Why would anyone want to buy out a practice? Well, like all things economic, it’s simple: To make money. And that is what private equity companies do. They take over companies so the owners can collect a share of the profits. And who exactly are the private equity owners? These folks are private groups of investors that pool their money together to purchase companies. But, unlike publicly traded companies, the government does not regulate these companies as strictly.
So, why is this important for the typical radiologist to understand? Within the past few years, consolidation has hit the radiology industry. Some of this consolidation has resulted from private equity companies buying out radiology practices throughout the United States. And, who knows? Private equity companies may buy out your current or future practice. So, here is a summary of what you can expect, who wins, and who loses.
What Happens To The Radiologists After A Buyout?
The radiologist’s destiny is the million-dollar question. (Literally and figuratively!) Soon after a buyout, you may notice that the radiology employees lose some of their ability to advocate for patients (1). The private practice partner radiologists no longer hold the purse strings to enact change. So, all radiology employees of the new private equity entity must follow the rules of the new owner/leader.
Next, contract negotiations ensue. Initially, former partners and employees will tend to get good benefits, similar to the old practice. Over time, however, the stakes can change dramatically. In lean times, salary cuts and layoffs can begin rapidly. Since former partners no longer control the salaries, these folks may have just to take what they get. During more flush times, the former partners no longer reap the potential outsized rewards.
Further, in the future, you may notice that capital expenditures decrease to save profits for the private equity owners. That new CT scanner will be challenging to justify in the budget unless it has the potential to bring in new revenues. Private equity-owned practices can no longer buy equipment with the motivation of improving care alone.
The most apparent winners are the older radiologists in the practice who will soon retire anyway. These owners can now collect on a payday that may be as high as 10-12 times their yearly salary. (2) This added benefit, in addition to their savings from years of practice, can allow an early retirement or a more leisurely lifestyle while working fewer days per week.
Depending on the terms of the agreement, the private equity firm can also gain much from buying a practice. The private equity can skim the additional profits previously from its former partners. However, this is all variable and depends on the partnership’s deal.
Occasionally, inefficient practices may also win in these arrangements. For instance, sometimes practices spend too much or cannot take advantage of economies of scale to increase efficiencies. So, it may take an outside entity to improve profitability. Of course, this assumes that the private equity entity knows how to run a practice better than the original employer and delivers some of the added profits to the radiologists. (Many times, that is not true!)

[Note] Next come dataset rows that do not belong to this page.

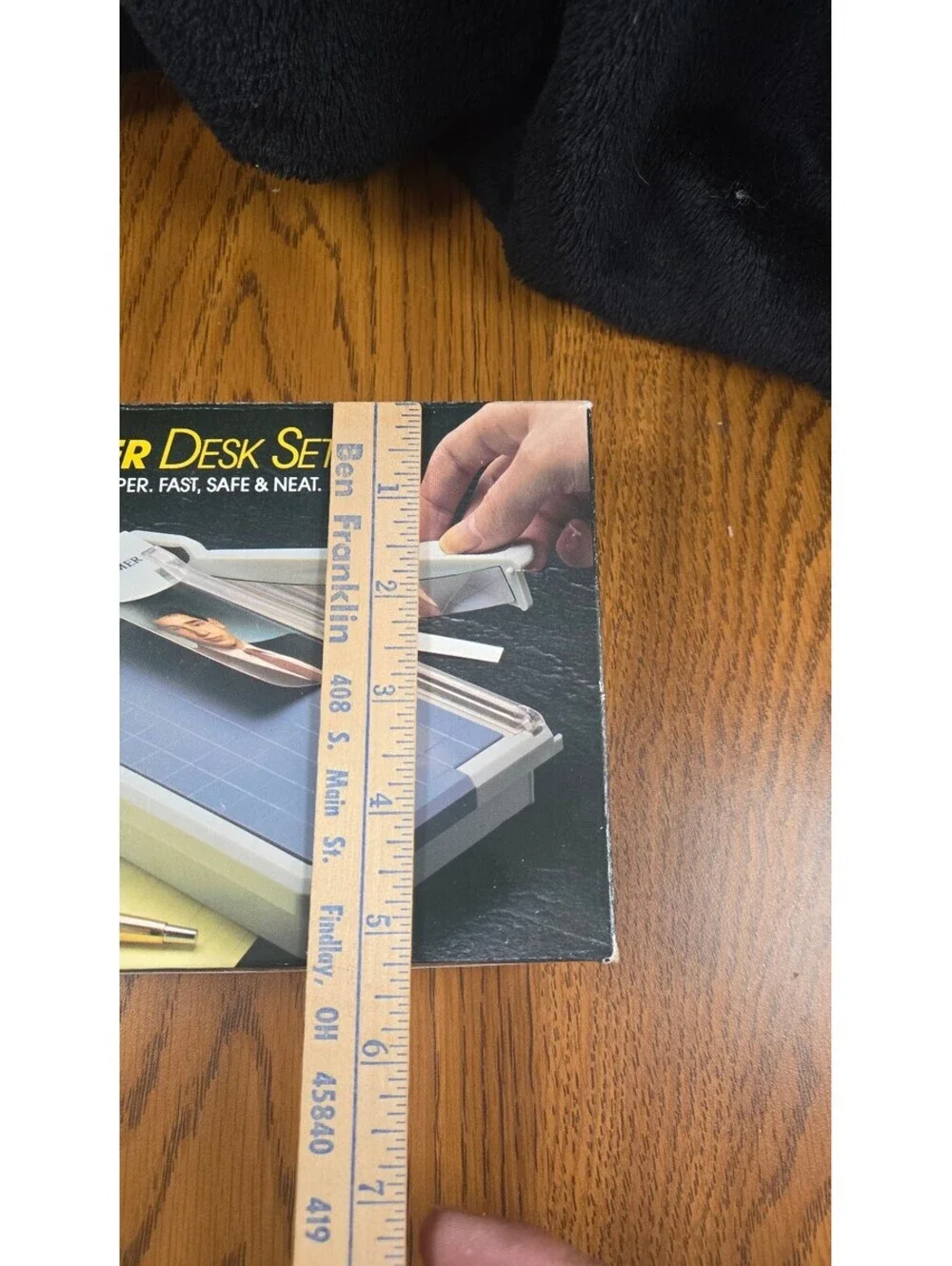 Super Trimmer Desk Set Paper Cutter and Organizer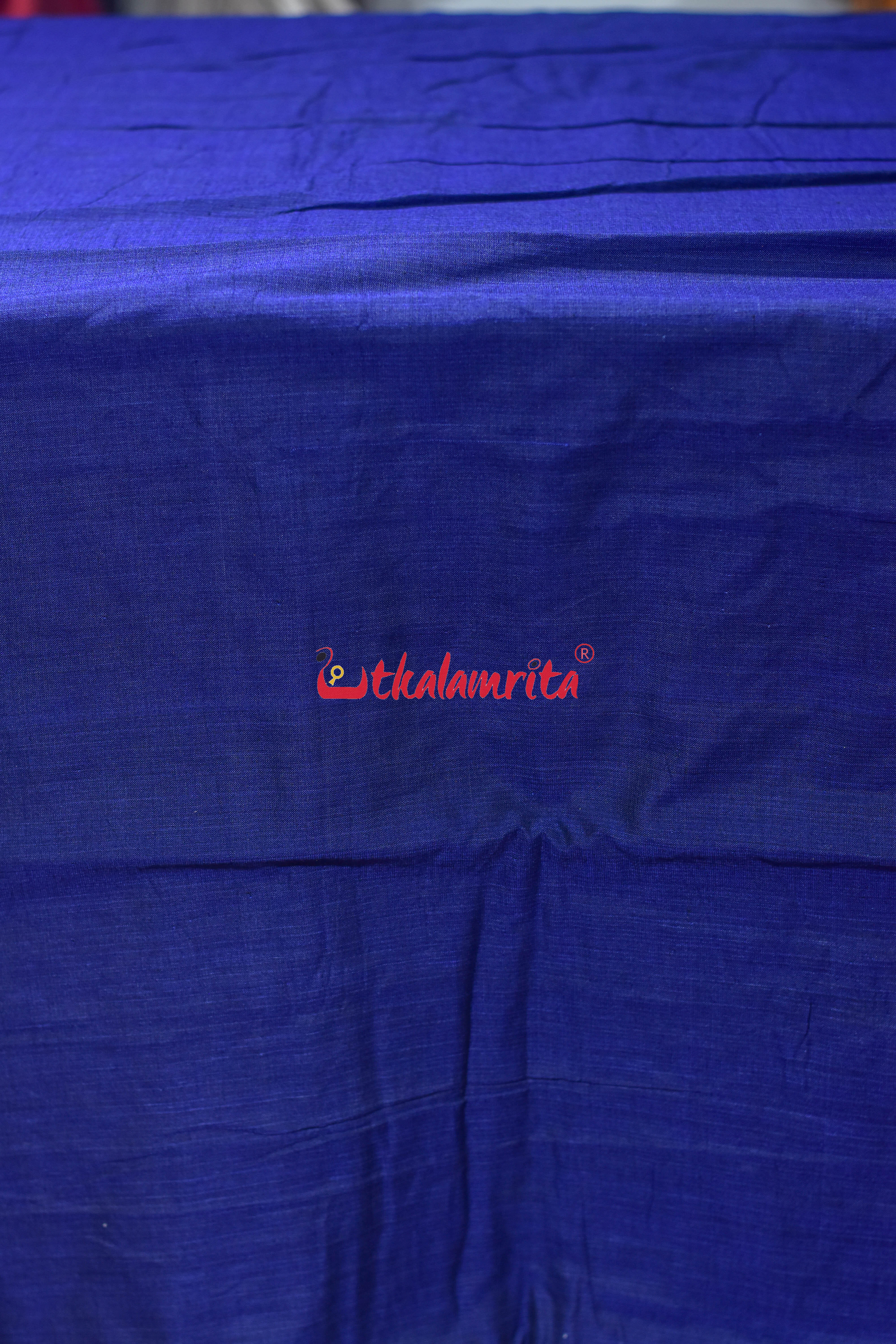 Blue With Ikat Border (Fabric)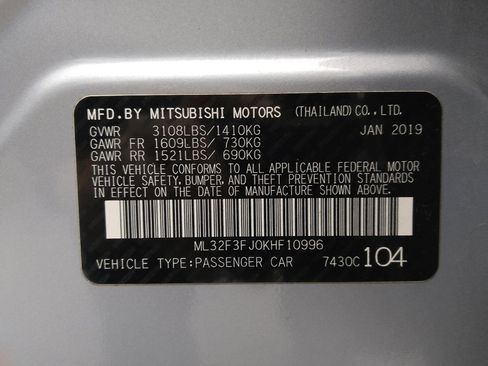 Used 2019 Mitsubishi Mirage G4 ES image 33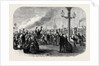Reinforcements for Canada: The Guards Leaving the South Western Railway Station for Southampton December 28 1861 by Anonymous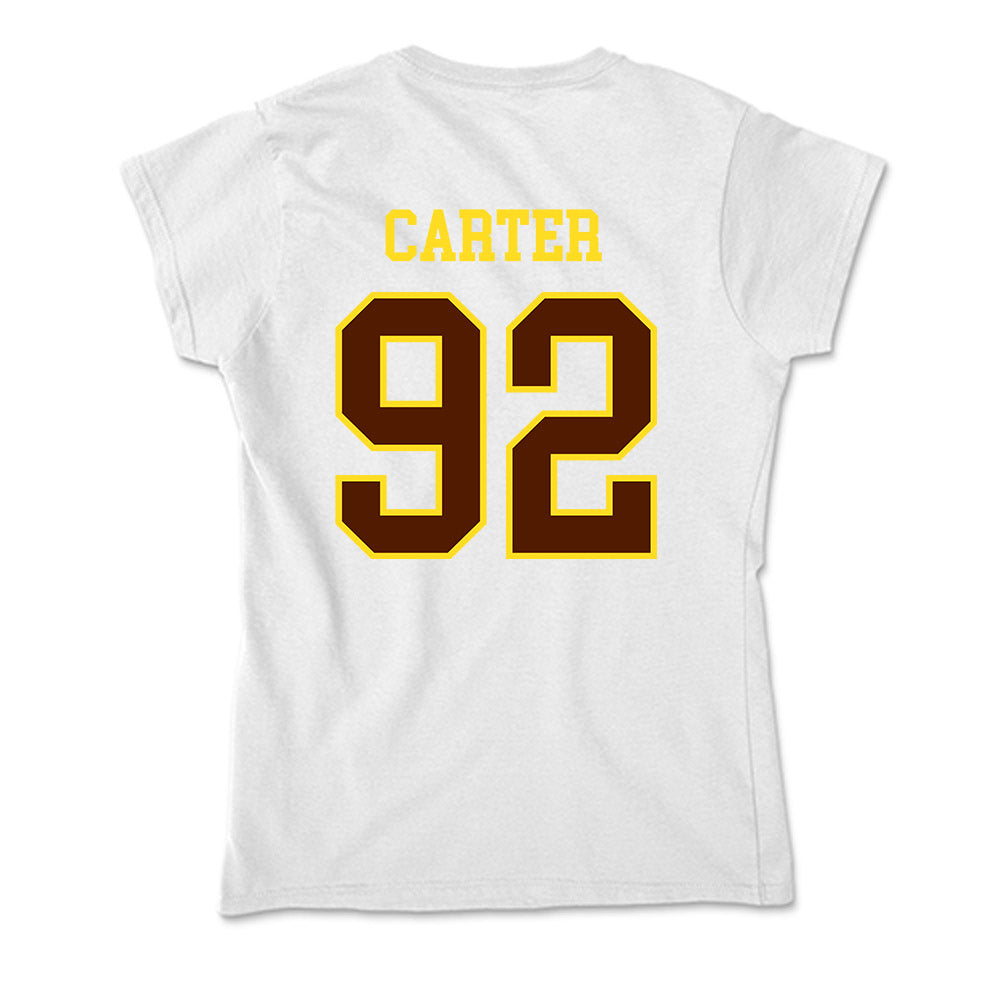 Western Michigan - NCAA Football : Gian Carter - Soft Style Women’s T-Shirt-1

Unfortunately, the biggest losers are the former non-partner stakeholders. These include full-time employees and employees on a partnership track. A buyout can derail the best-laid plans for the future. No longer can partnership track radiologists collect upon the sweat equity they have already committed to their years of practice. Likewise, former employees can no longer count on a similar job structure and contract.
The former younger partners may also lose a bit in the deal. No longer can they rely on many years of good salary ahead. The private equity firm will determine its future. On the other hand, at least these former partners will get a portion of a nest egg to add to their future retirement savings in the buyout.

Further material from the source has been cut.